Beginning with the line that contains "Blank 3D Plastic Phone Case For Honor 30" and ending with the last line of the records, write out each line exactly and omit the pictures.

——————

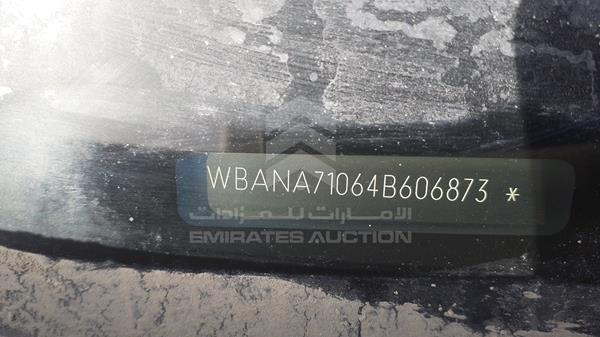 Photo 1 VIN: WBANA71064B606873 - BMW 530 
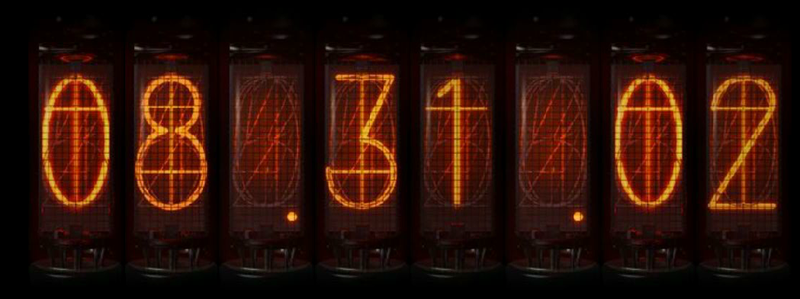 Nixie Clock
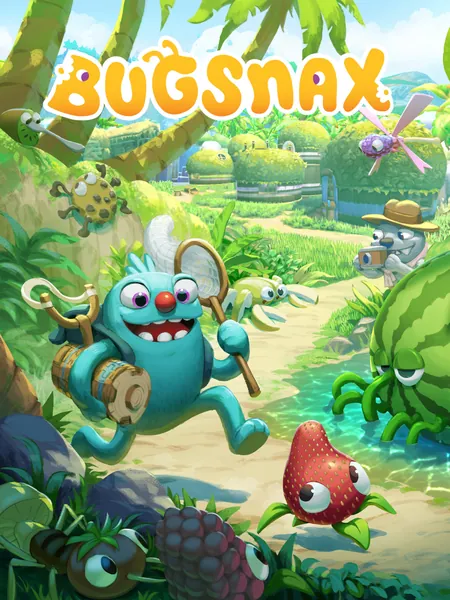 Bugsnax Steam CD Key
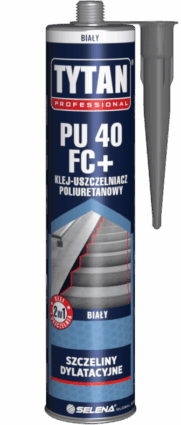 Uszczelniacz Poliuretanowy PU 40 FC+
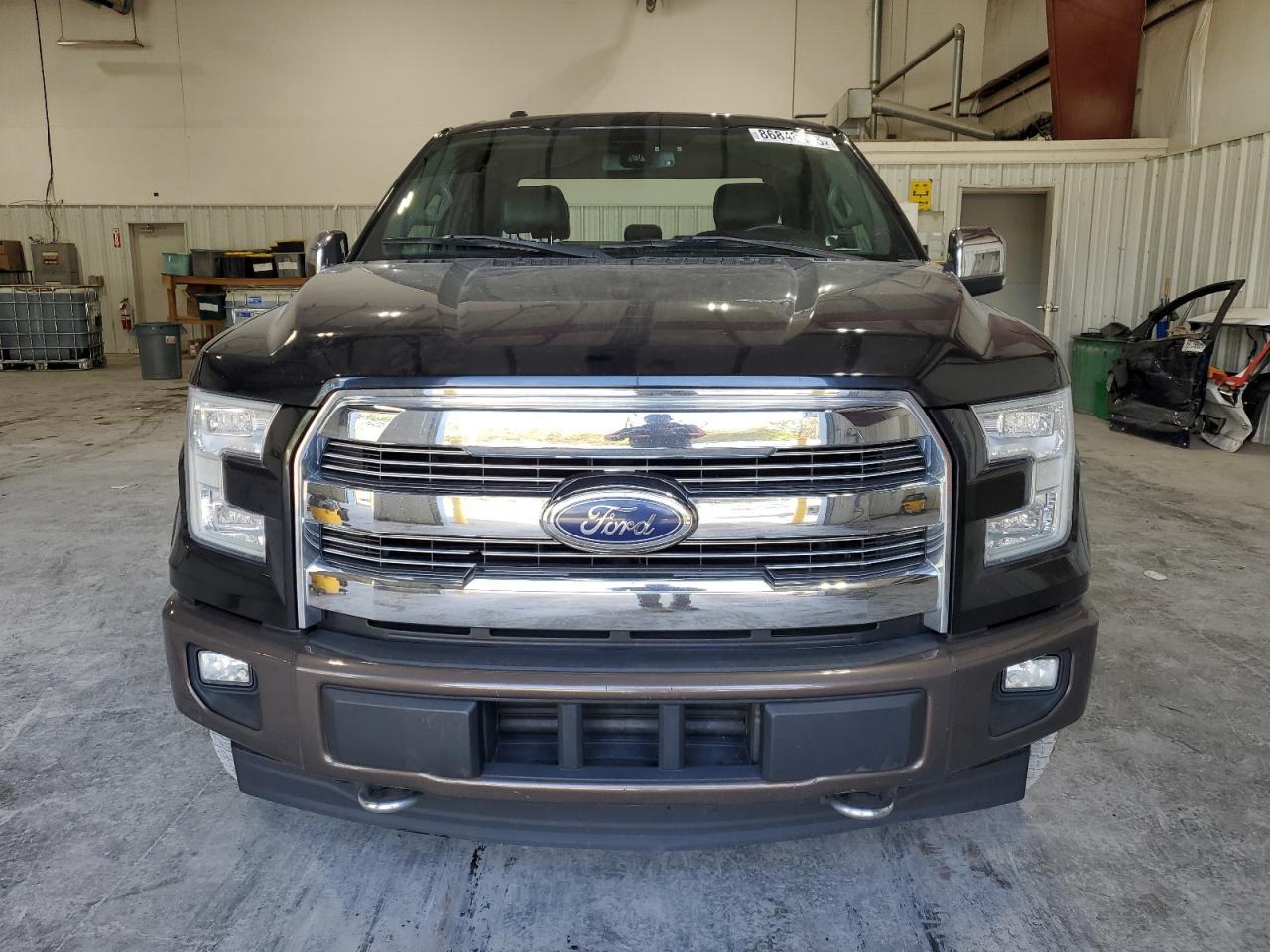 2017 FORD F-150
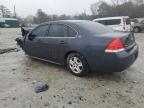 2009 Chevrolet Impala Ls en Venta en Loganville, GA - Front End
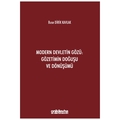  Modern Devletin Gözü: Gözetimin Doğuşu ve Dönüşümü - Buse Dirik Kavlak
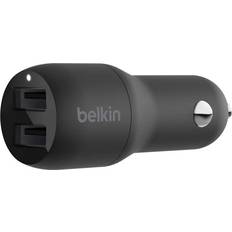 Zigarettenanzünder (12–24 V) Batterien & Akkus Belkin CCB001btBK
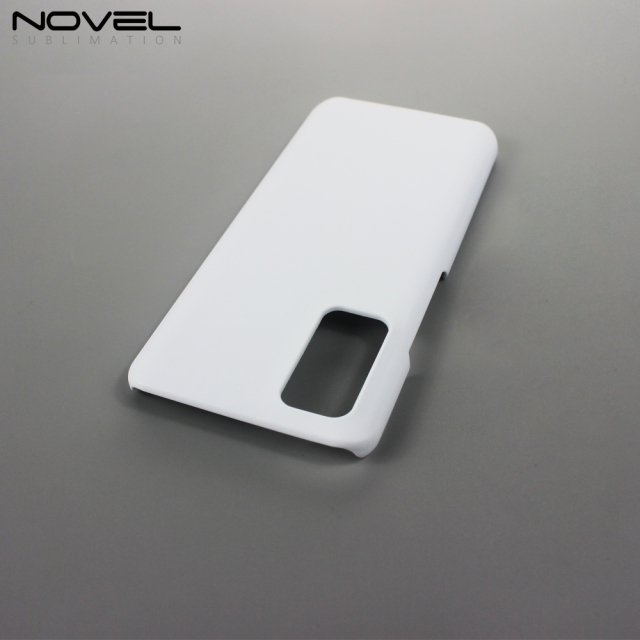 Blank 3D Plastic Phone Case For Honor 30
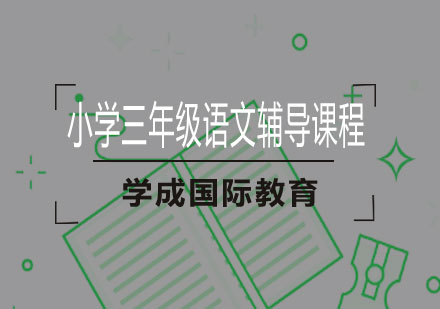 湘潭小学三年级语文辅导课程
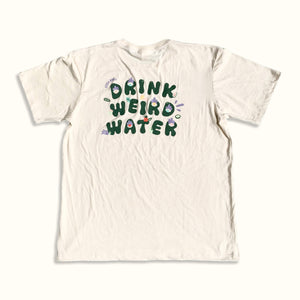Drink Weird Water T-Shirt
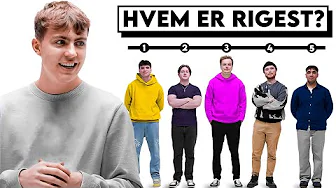 Hvem Er Den Rigeste?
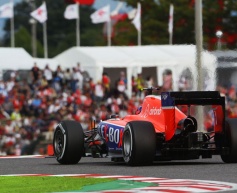 Manor Marussia to use Mercedes power units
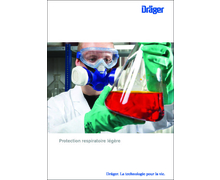 Guide Dräger de la Protection respiratoire légère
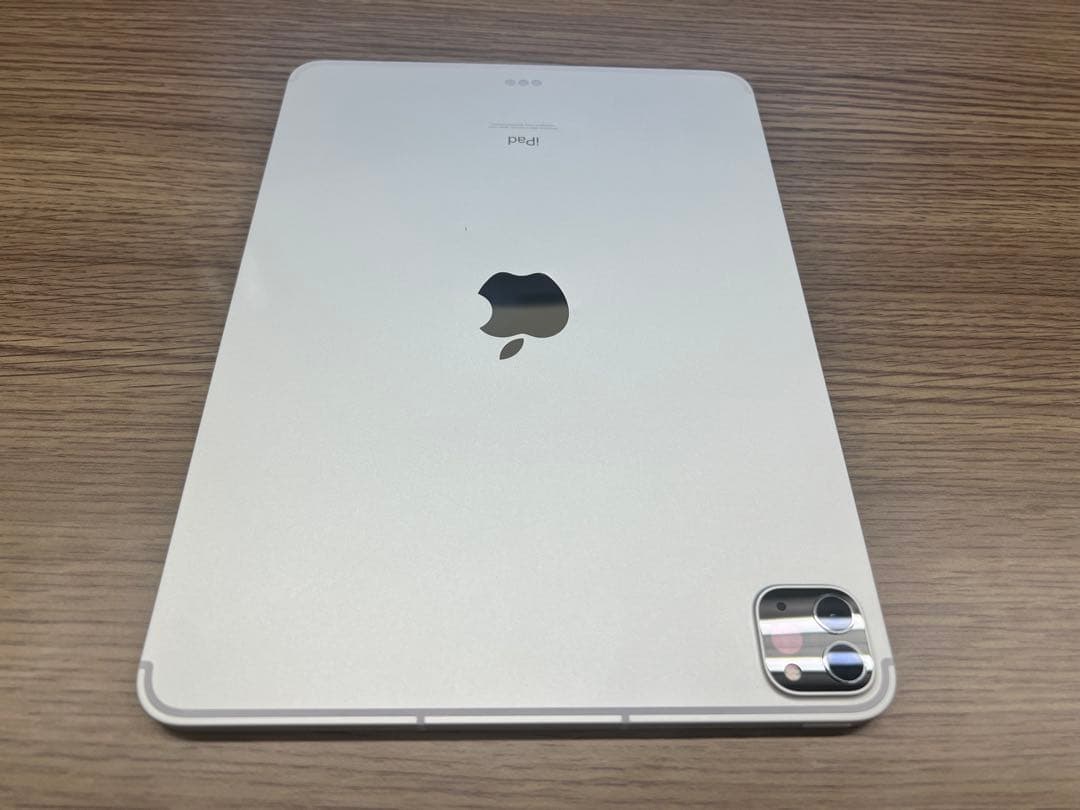 iPad Pro 11インチ 第3世代 128GB SIMフリー M1チップ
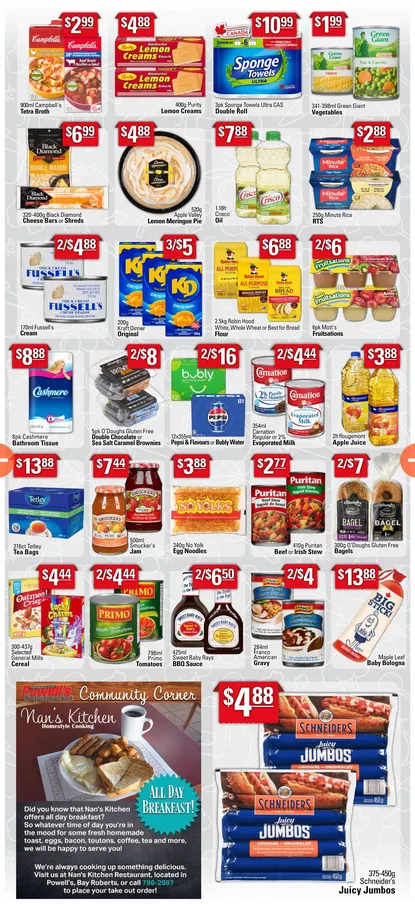  Powell's Supermarket  Sales from May 7 to May 13 2026 - flyer page 2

——————

Exercise result:
 Blank 3D Plastic Phone Case For Honor 30
 湘潭小学三年级语文辅导课程
Drink Weird Water T-Shirt
 Hvem Er Den Rigeste?
 Manor Marussia to use Mercedes power units
 Guide Dräger de la Protection respiratoire légère
 iPad Pro 11インチ 第3世代 128GB SIMフリー M1チップ
  Powell's Supermarket  Sales from May 7 to May 13 2026 - flyer page 2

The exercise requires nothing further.